With a second Gulf War now looking more and more likely — George Bush has warned Iraq’s Saddam Hussain that his ‘‘game is up’’ — the Government is planning to call an all-party meeting on the issue. It also proposes to set up a crisis management group for protecting Indian interests if war breaks out.
The BJP-led NDA Government may have called for ‘‘maximum restraint’’ but the South Block is keen on a political consensus on the issue. The US continues to build opinion for an attack on Iraq while Britain is preparing to introduce a new resolution in the UN authorising force against that country.
What has forced the Government to actively contemplate calling all the political parties for discussion is the clamour by MPs on Iraq during the meeting of the Ministry of External Affairs Standing Committee on Economic Diplomacy this week.

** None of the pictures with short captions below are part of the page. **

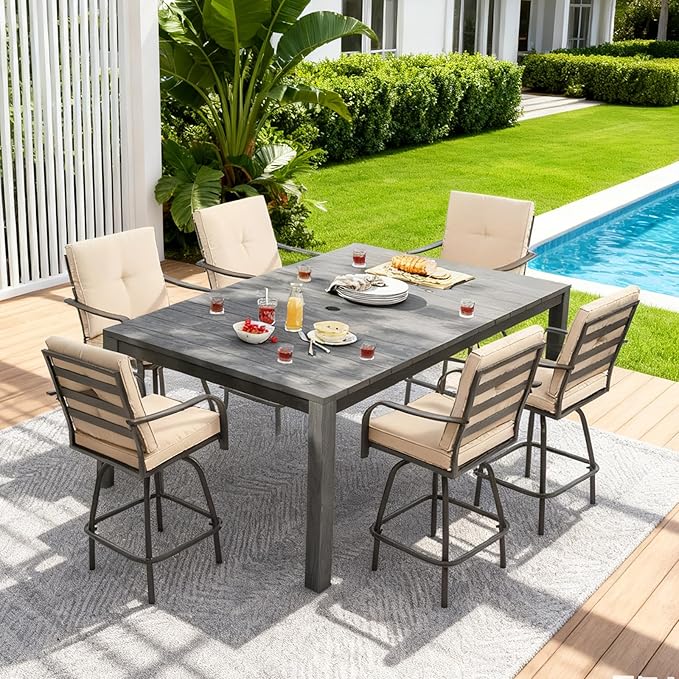 Patio Swivel Bar Stools, Outdoor Bar Height Swivel Chairs Set of 6 with Cushion & All Weather Steel Frame for Backyard, Lawn, Poolside and Balcony, Beige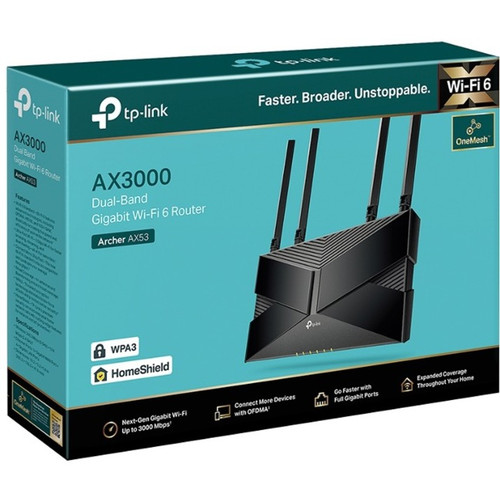 TP-LINK ARCHER AX53 AX3000 Gigabit Wi-Fi 6 Dual-Band Wireless Router - IEEE 802.11ax - 4 Antennas - Gigabit Ethernet Ports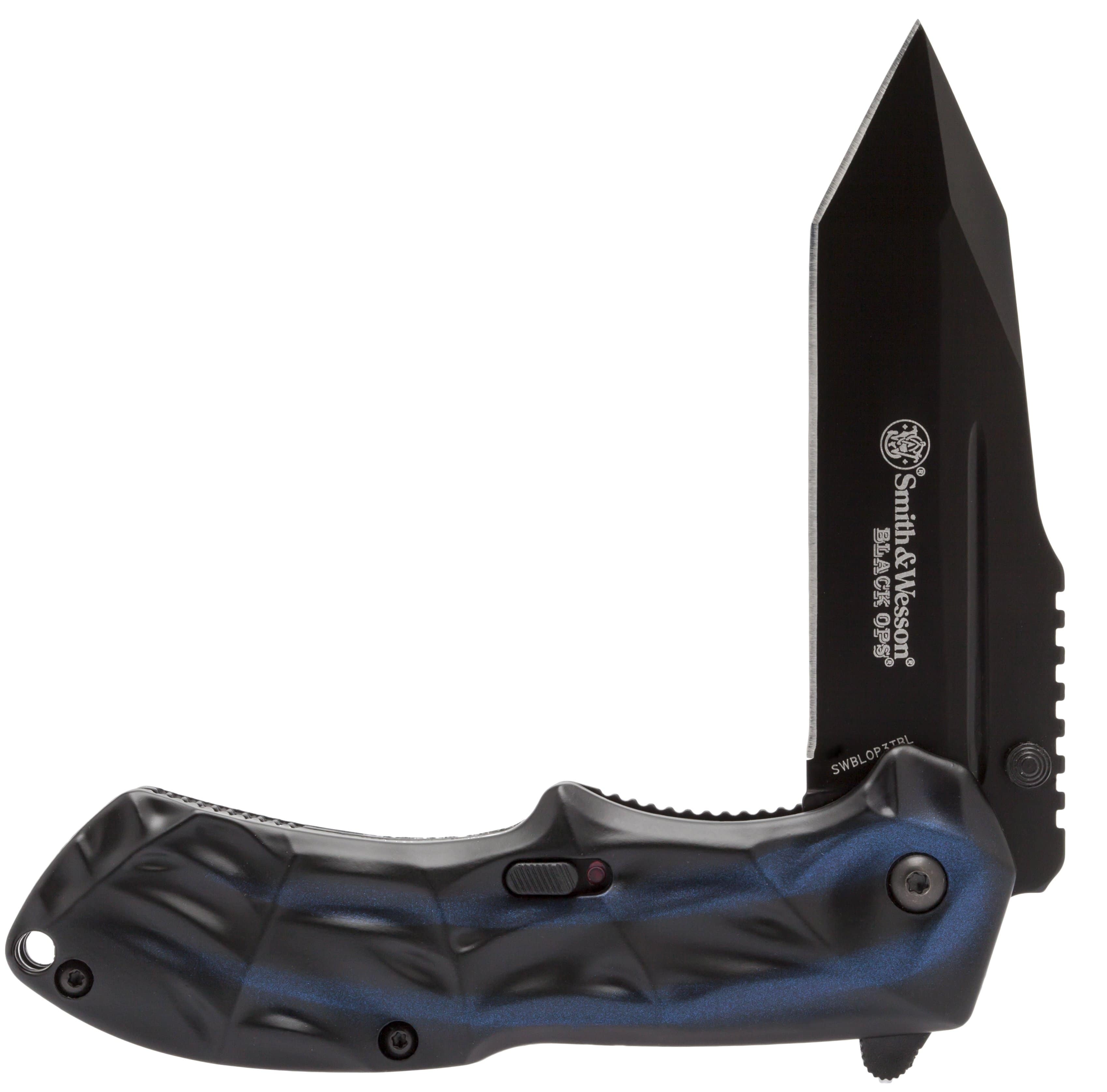 Smith & Wesson Black Ops M.A.G.I.C. Assisted Opening Knife, 3.4 Tanto Blade, Blue Aluminum Handle - SWBLOP3TBL Outlet Manchester Great Sale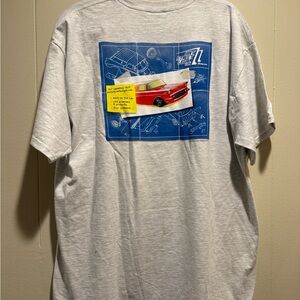 Hanes Light Gray T-Shirt with Red and Blue Graphic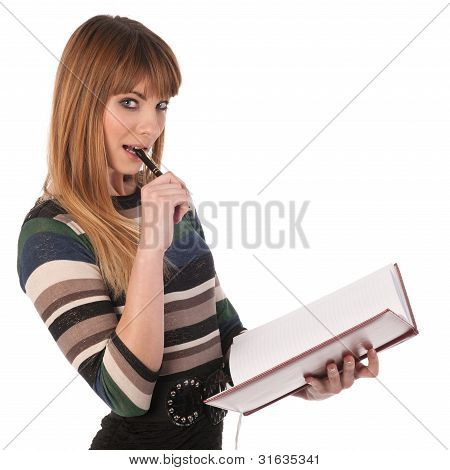Young Cute Business Woman With A Book In Her Hands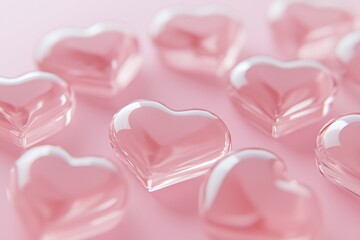 Obraz premium Pink glass hearts on a white background, a Valentine's Day theme with a pink color scheme, celebration and romantic concept, valentine`s day, copy space for text 
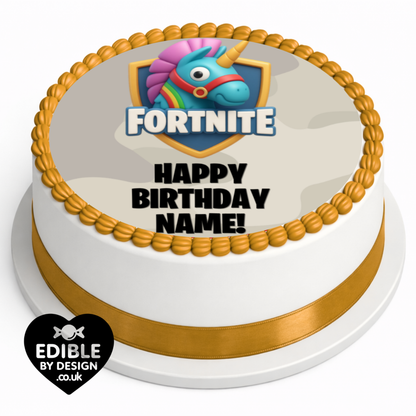 Fortnite Theme Birthday Cake Toppers Edible Circles Personalised Name and Age Matching Stickers Balloon Invitations Pack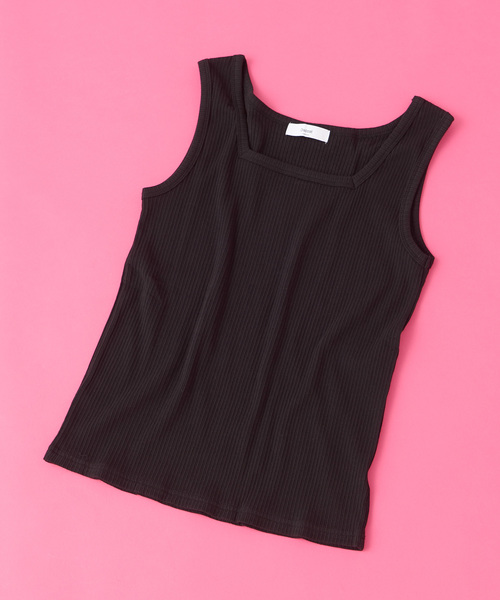 DISCOAT(ディスコート)の「リブスクエアネックノースリタンクトップ(タンクトップ・レディース・アイボリー/ベージュ/レッド系その他/ブラック・FREE)」の1枚目の写真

And this time India will not be caught napping unlike the Iraq-Iran conflict in April 1980 when the Indian embassy in Baghdad had to write to then Prime Minister Indira Gandhi for evacuating Indians. Contingency plans are already in place to do so, particularly from Kuwait.
A crisis management group is being set up in South Block with members from the ministries of external affairs, civil aviation, shipping and home affairs. The contingency plans were reviewed by External Affairs Minister Yashwant Sinha at a meeting with Indian ambassadors in the Gulf at Abu Dhabi on January 28.
Behind India’s decision to adopt a pragmatic approach towards the Iraq issue are reasons of economy, rather than heart. India has done only one billion dollars worth of trade with Iraq in the past 12 years.
Baghdad owes more than two billion dollars to New Delhi for works, including reconstruction activity done by Indian companies post-Desert Storm in 1991. The flip side is that ONGC (Videsh) Ltd has been awarded two oil exploration contracts in Iraq.
In fact, in the aftermath of Operation Desert Storm, the then Foreign Minister I K Gujral’s decision to openly hug Saddam Hussein had cost the country heavily.
Indian companies lost billions of dollars worth of business in the reconstruction of Kuwait. In fact, now there are over 350,000 Indian expatriates in Kuwait who are remitting precious foreign exchange to the home country.